What is the number of lines below that contain the word "into"? Respond with that number alone.

Recorded data
____

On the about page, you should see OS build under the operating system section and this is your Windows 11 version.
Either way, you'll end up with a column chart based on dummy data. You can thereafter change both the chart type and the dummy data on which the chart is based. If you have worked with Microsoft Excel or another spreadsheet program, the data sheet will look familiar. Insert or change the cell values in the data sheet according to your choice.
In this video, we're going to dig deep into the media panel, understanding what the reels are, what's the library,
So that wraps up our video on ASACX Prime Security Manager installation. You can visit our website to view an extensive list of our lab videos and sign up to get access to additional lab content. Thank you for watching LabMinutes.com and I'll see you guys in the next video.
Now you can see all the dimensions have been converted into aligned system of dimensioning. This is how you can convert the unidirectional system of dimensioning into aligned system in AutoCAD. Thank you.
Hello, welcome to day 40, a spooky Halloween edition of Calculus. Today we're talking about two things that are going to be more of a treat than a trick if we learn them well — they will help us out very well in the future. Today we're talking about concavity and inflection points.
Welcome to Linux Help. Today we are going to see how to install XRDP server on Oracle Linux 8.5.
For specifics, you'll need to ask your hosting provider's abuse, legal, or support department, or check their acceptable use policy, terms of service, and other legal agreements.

____

> _Exercise answer_
2